Top of Source material

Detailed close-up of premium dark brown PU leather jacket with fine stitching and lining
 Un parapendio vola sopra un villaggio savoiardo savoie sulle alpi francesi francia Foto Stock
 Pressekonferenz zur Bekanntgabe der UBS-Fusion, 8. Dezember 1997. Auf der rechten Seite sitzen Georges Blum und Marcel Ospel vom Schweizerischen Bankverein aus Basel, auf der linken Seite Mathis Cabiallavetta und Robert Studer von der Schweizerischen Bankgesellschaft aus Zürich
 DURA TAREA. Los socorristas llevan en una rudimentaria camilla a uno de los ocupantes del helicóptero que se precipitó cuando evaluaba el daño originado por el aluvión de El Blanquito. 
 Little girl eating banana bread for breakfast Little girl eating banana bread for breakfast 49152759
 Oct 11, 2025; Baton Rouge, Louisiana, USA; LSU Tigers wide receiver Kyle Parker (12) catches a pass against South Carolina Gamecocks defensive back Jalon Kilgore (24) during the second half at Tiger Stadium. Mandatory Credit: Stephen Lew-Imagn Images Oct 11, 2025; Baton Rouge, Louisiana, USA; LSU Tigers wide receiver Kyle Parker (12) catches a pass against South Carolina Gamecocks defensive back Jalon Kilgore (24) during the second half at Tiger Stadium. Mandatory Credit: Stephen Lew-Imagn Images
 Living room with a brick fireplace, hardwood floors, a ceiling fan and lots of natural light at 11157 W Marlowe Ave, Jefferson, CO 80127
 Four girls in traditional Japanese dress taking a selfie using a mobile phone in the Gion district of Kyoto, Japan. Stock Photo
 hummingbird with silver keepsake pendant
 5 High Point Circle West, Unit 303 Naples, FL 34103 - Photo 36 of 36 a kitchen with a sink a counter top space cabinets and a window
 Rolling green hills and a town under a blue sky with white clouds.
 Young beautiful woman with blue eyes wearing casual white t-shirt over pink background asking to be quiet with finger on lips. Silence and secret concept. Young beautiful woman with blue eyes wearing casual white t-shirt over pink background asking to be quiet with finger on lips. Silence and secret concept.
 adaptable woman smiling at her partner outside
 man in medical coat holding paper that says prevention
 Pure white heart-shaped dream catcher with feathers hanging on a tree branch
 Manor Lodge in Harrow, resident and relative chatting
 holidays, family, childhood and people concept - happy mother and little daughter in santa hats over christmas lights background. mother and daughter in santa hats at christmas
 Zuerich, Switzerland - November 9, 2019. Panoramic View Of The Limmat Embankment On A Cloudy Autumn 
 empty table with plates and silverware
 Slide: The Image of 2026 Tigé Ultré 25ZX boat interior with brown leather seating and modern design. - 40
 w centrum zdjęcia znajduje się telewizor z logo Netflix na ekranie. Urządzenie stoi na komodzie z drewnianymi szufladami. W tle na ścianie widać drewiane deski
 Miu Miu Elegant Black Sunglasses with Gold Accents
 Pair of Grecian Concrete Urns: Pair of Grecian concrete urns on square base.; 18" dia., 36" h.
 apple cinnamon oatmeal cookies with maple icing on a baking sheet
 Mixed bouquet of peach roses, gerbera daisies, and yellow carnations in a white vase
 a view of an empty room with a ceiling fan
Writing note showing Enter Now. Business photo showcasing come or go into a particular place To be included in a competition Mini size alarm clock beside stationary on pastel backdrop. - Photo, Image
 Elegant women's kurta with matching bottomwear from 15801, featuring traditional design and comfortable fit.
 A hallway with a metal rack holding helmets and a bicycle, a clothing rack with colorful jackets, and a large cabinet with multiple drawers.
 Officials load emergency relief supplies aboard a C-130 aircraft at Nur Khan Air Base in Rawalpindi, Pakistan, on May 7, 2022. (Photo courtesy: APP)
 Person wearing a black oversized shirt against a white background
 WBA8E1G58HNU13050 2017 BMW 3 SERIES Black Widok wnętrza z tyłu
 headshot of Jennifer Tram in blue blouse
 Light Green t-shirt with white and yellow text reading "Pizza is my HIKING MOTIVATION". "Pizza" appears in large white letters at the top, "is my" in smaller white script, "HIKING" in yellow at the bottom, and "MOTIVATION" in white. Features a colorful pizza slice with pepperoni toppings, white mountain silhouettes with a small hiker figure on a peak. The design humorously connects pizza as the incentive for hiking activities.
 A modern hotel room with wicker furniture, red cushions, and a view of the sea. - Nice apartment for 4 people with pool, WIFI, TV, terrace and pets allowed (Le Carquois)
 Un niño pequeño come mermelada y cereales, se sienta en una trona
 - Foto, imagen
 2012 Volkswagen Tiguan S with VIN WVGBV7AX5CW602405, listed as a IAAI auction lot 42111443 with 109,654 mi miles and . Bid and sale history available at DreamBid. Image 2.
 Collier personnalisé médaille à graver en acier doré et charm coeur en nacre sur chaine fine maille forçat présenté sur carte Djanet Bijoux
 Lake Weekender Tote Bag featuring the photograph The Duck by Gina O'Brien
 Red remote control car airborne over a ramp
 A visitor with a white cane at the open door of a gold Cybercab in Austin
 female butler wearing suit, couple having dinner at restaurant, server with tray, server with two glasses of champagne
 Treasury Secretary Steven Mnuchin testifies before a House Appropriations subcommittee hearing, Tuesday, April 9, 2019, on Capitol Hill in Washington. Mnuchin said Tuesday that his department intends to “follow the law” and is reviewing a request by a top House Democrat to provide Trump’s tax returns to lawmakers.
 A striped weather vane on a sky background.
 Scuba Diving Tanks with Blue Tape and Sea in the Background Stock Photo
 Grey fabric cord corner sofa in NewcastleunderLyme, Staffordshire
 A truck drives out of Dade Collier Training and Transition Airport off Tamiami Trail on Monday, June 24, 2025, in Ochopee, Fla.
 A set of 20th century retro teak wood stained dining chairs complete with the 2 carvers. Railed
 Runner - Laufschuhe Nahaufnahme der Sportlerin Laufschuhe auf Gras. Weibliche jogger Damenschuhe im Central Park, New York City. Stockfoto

Bottom of Source material

» **Work item**
In the listing above, start at the line with "man in medical", go on through the line with "Manor Lodge in", and copy each of those lines exactly; leave out all the rest.

» **Answer below**
 man in medical coat holding paper that says prevention
 Pure white heart-shaped dream catcher with feathers hanging on a tree branch
 Manor Lodge in Harrow, resident and relative chatting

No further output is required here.